When Your Partner Puts Work Before Family
As parents, we have so many responsibilities to juggle. I often hear from both mothers and fathers about how overwhelming it can feel, trying to strike a work-life balance which works for the whole family. Modern life comes with many pressures, including the expectation that we’ll devote long hours to our careers, even at the expense of our family lives. There are many reasons why we might devote more time and attention to work than family, so if you’re struggling with a partner who consistently does so, you’re not alone. In this blog post, we’ll explore some practical steps to help you navigate this challenging situation.
Prioritising Their Own Needs Over Your Relationship or Family
When I speak to parents about the challenges of relationships after kids, they often mention feeling resentful towards their partners. This resentment commonly happens when partners put work and/or their own personal wants and needs above those of the family.
For example, do you ever feel resentment towards your partner for any of the following…?
- Prioritising their career over yours
- Working when chores need doing
- Choosing work over childcare
- Expecting sex even when you’re feeling touched out
- Relaxing when you don’t feel relaxed or have asked them to do something
- Eating a meal in peace instead of joining the family
- Prioritising their own needs in other ways
Balancing Work And Family Life: How Much Has Our Culture Changed?
A generation ago, it was the norm in our culture for dads to work and mums to stay at home, at least while kids were little.
Now it’s much more common for both parents to work. But careful consideration of each family member’s work/domestic/childcare/leisure balance seems to be rare.
In many straight couples, women are still taking most of the responsibility for childcare and domestic labour, whether or not men are taking responsibility for most of the earning.
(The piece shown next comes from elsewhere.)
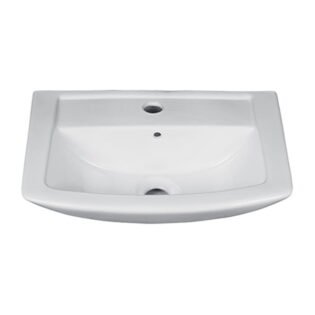 AGL Bathware - Wall Hung Basin - GRAND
Are you happy with your balance? Do you feel respected and valued in your role? Are you comfortable with your overall division of responsibilities? Or do you feel resentful?
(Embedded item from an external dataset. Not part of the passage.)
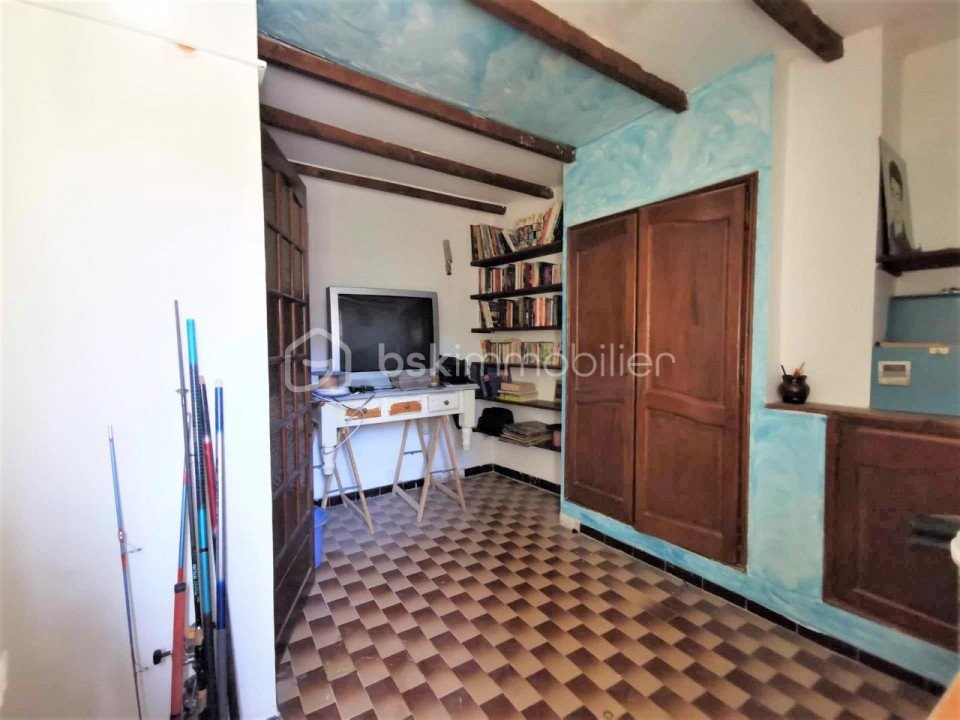 Vente Maison à Lézignan-la-Cèbe 9 pièces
This issue can be complex, because sometimes we work to provide, which is about putting the family first. But sometimes we choose to prioritise work for other reasons, and some of those might ultimately be ways of putting ourselves first.
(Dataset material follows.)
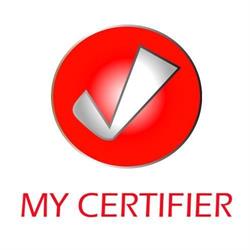 My Certifier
You might feel grateful for how hard your partner works. Or you might feel like you “should” be grateful, when actually you’re feeling unhappy, fed up, or resentful.
This can be a difficult topic, especially when money is tight, as it often is when we have young kids (and is for many families right now).
Families can get stuck making decisions on financial grounds which only serve to uphold patriarchal capitalist systems. When Dad earns more, families might decide that it “just makes sense” for him to work more. The gender pay gap becomes self-perpetuating.
No family can can change that alone, but all families need open, honest discussions about our choices, our feelings about them, and our wants as well as our needs.
This is the best way to get as close as possible to a balance which works for everyone, so your whole family can thrive.
When Your Partner Puts Work Before Family: Tips And Advice
Here are five tips to help you to manage the situation where you feel your partner is putting work before the family.
1. Communicate your feelings
Open communication is the foundation of any healthy relationship. Express your concerns calmly and honestly, focusing on how your partner’s work habits affect you and the family. Avoid accusing or blaming them, as this can invite defensiveness and conflict. Instead, use “I” statements to convey your feelings and needs.
For example,
“When you go back to your computer at bath time, I feel angry, then I realise I’m actually disappointed and sad. I need to feel supported and I want your companionship as we raise our kids together. Would you be willing to discuss specific times when you’ll leave work and spend time with us?”
2. Set boundaries
Discuss your boundaries regarding work and family time, i.e. what you are okay and not okay with. You might think your expectations are obvious and fair, but your partner will likely see things differently. Make requests, negotiate, and compromise to agree on specific times when work will be set aside for family activities.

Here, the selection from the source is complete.